# EXERCISE GOAL
Leaving the images behind, copy every line of the records exactly.

# INFORMATION
______________________________

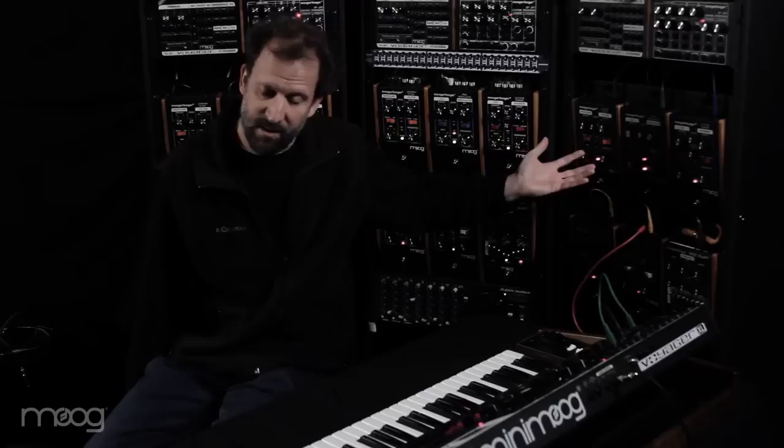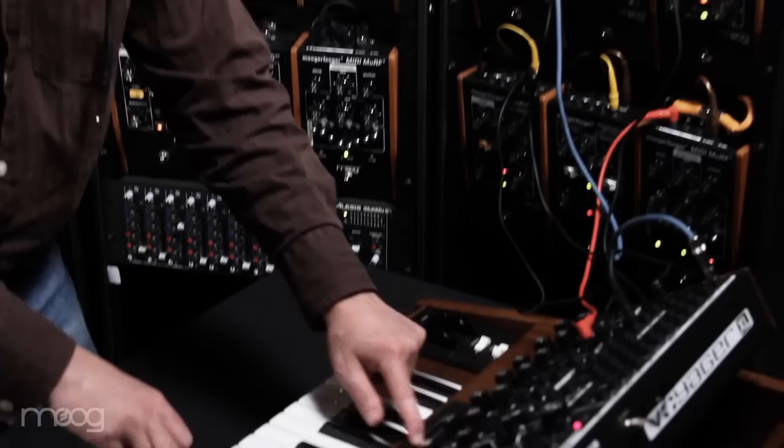The other aspect of it is we really want to encourage people to extend their sonic capabilities by connecting to the Moogerfoogers, which are really like little modular systems in and of themselves.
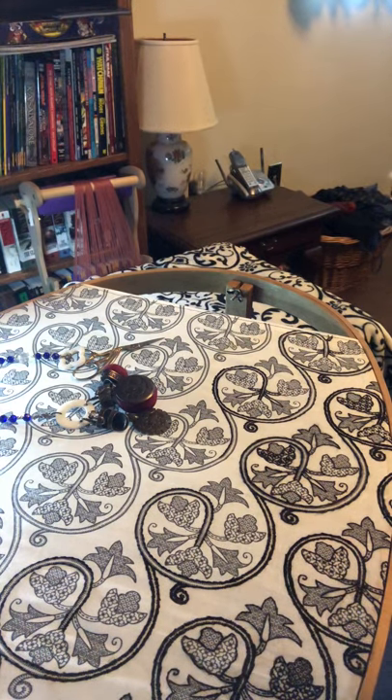This is not a sponsored video by the way, I'm just giving you my sources. This is an embroidery I've been working on for about the past year and I've had it in a couple different iterations. Specifically, I've been carrying it in my bag, my sewing bag. I put a couple different projects in there. This is one I've been working on for well over a year.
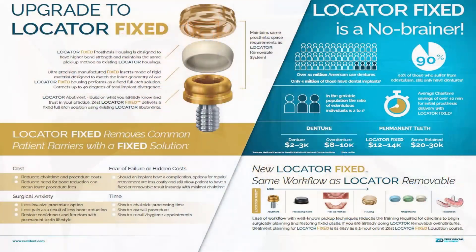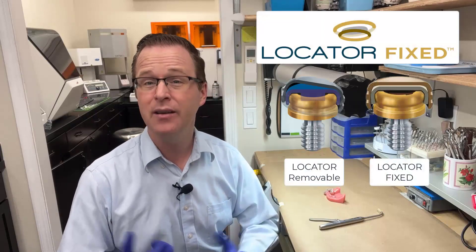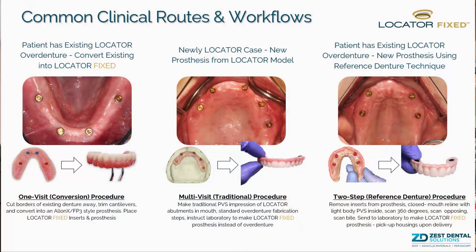Since locator fixed doesn't use any sort of screws to hold that prosthesis in place, it relies upon a very precisely engineered locator housing and locator fixed insert — very similar to what you would see with locator removable restorations, housing and insert interface. Clinically, locator fixed should have a very similar workflow as your locator removable situations, except that the locator fixed prosthesis shouldn't have any flanges. It should be a true hybrid fixed full arch solution without flanges, like an overdenture.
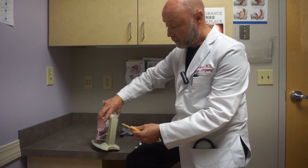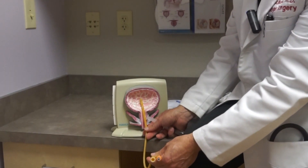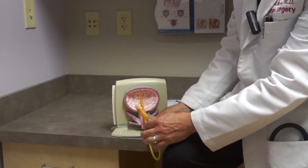A woman would be a little different — the same mechanism. We would have it going through the urethra, which is in the vagina, and it would be sitting in the bladder.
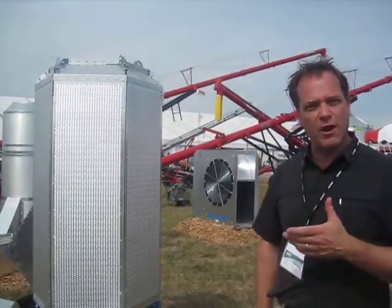Hi, I'm Dan Donner. I'm the Vice President of Sales and Marketing for Ag Growth International. One of our divisions, Grain Guard, has made a pretty good business in Canada selling a product called The Rocket.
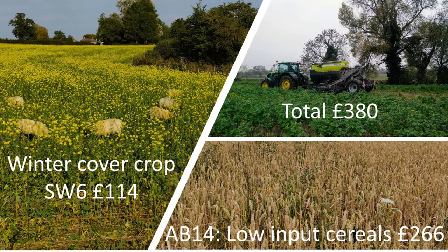Now let's look at the regenerative spring wheat. As a reminder, where possible I have used CSS option SW6 overwinter cover crop and AB14 low input spring cereals to underwrite an aggressive approach to cutting inputs.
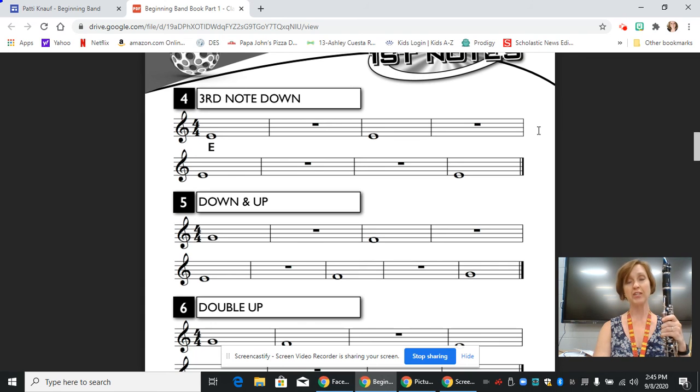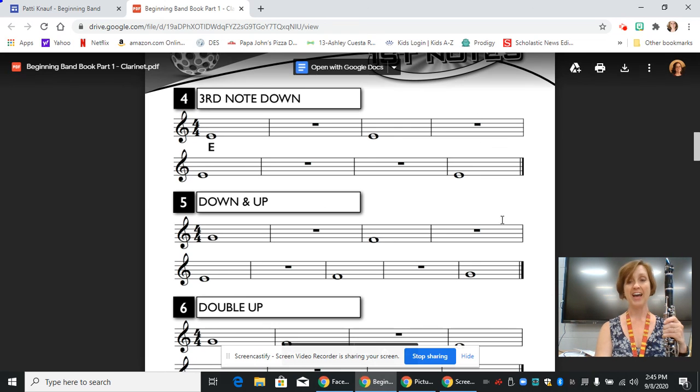Just as a friendly reminder, during the rests I'm only counting out loud to help you keep up with where we are. You will not be counting out loud during rests, but you can certainly count in your head. I hope this helps. Good luck.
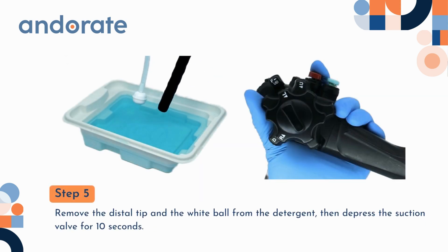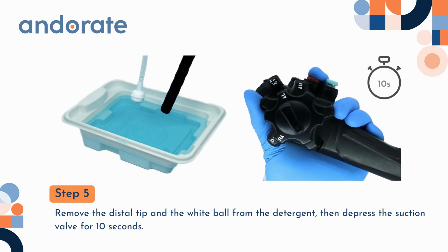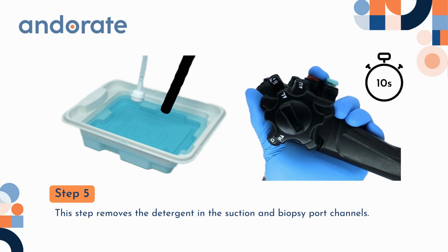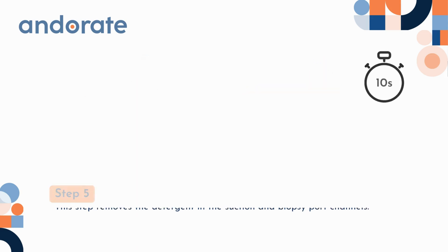Step 5. Remove the distal tip and the white ball from the detergent. Then depress the suction valve for 10 seconds. This step removes the detergent in the suction and biopsy port channels.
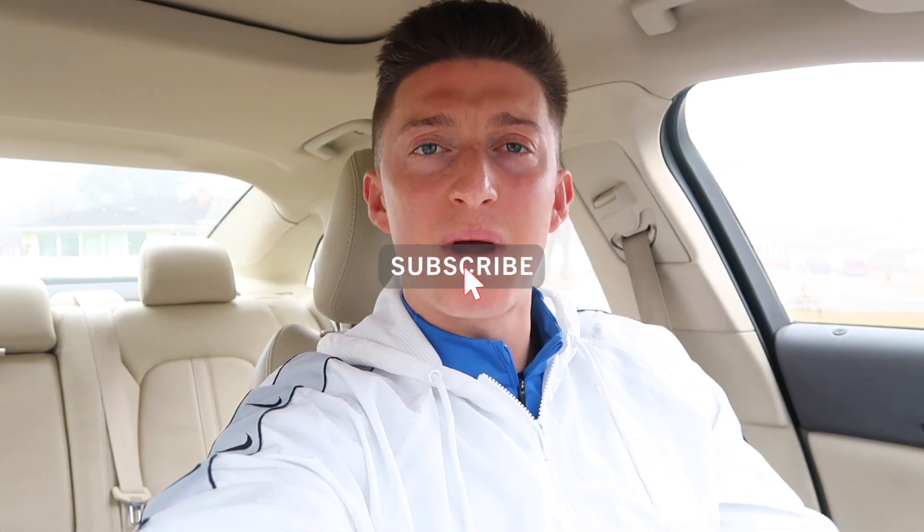What's up fam, welcome to the video, hope you're having a fantastic day and a fantastic week. Big day of sessions today — two sessions at the gym, one session at home. Not super hungry this morning, so I'm just going to have this RX bar before my session; it'll hold me over and then I'll eat afterwards.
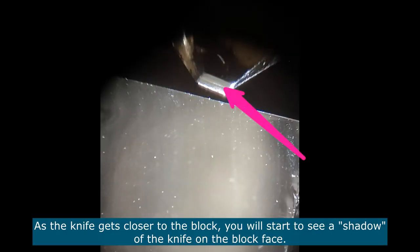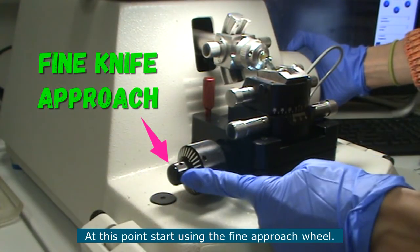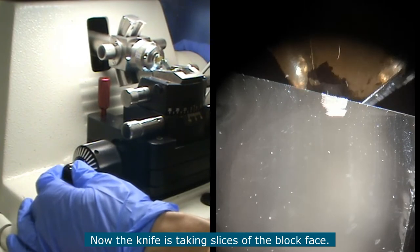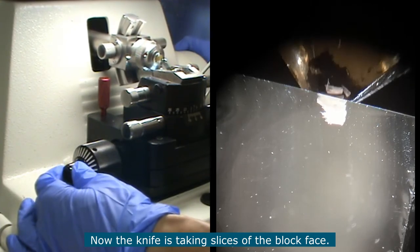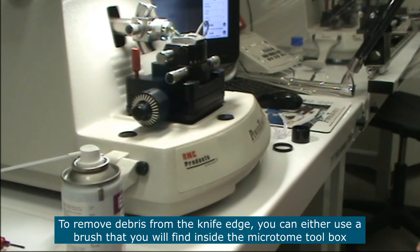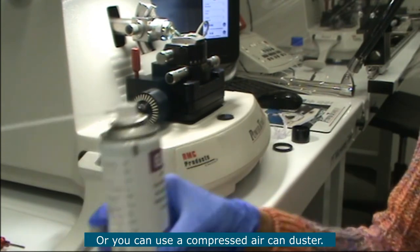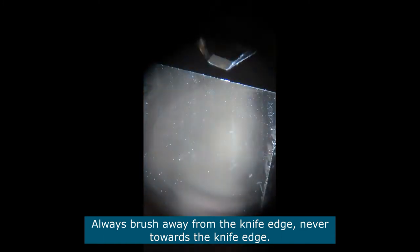As the knife gets close to the block, you will start to see a shadow of the knife on the block face. Now the knife got quite close to the block and it actually took a section of the block face. At this point start using the fine approach — you are now taking slices of the block face with your glass knife. To remove debris from the knife edge, you can either use a brush from the box of tools above the microtome, or use one of these compressed air canisters. Always brush away from the knife edge, never towards it.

______________________________

# RESPONSE TO THE EXERCISE
The other aspect of it is we really want to encourage people to extend their sonic capabilities by connecting to the Moogerfoogers, which are really like little modular systems in and of themselves.
This is not a sponsored video by the way, I'm just giving you my sources. This is an embroidery I've been working on for about the past year and I've had it in a couple different iterations. Specifically, I've been carrying it in my bag, my sewing bag. I put a couple different projects in there. This is one I've been working on for well over a year.
Since locator fixed doesn't use any sort of screws to hold that prosthesis in place, it relies upon a very precisely engineered locator housing and locator fixed insert — very similar to what you would see with locator removable restorations, housing and insert interface. Clinically, locator fixed should have a very similar workflow as your locator removable situations, except that the locator fixed prosthesis shouldn't have any flanges. It should be a true hybrid fixed full arch solution without flanges, like an overdenture.
A woman would be a little different — the same mechanism. We would have it going through the urethra, which is in the vagina, and it would be sitting in the bladder.
Hi, I'm Dan Donner. I'm the Vice President of Sales and Marketing for Ag Growth International. One of our divisions, Grain Guard, has made a pretty good business in Canada selling a product called The Rocket.
Now let's look at the regenerative spring wheat. As a reminder, where possible I have used CSS option SW6 overwinter cover crop and AB14 low input spring cereals to underwrite an aggressive approach to cutting inputs.
Just as a friendly reminder, during the rests I'm only counting out loud to help you keep up with where we are. You will not be counting out loud during rests, but you can certainly count in your head. I hope this helps. Good luck.
Step 5. Remove the distal tip and the white ball from the detergent. Then depress the suction valve for 10 seconds. This step removes the detergent in the suction and biopsy port channels.
What's up fam, welcome to the video, hope you're having a fantastic day and a fantastic week. Big day of sessions today — two sessions at the gym, one session at home. Not super hungry this morning, so I'm just going to have this RX bar before my session; it'll hold me over and then I'll eat afterwards.
As the knife gets close to the block, you will start to see a shadow of the knife on the block face. Now the knife got quite close to the block and it actually took a section of the block face. At this point start using the fine approach — you are now taking slices of the block face with your glass knife. To remove debris from the knife edge, you can either use a brush from the box of tools above the microtome, or use one of these compressed air canisters. Always brush away from the knife edge, never towards it.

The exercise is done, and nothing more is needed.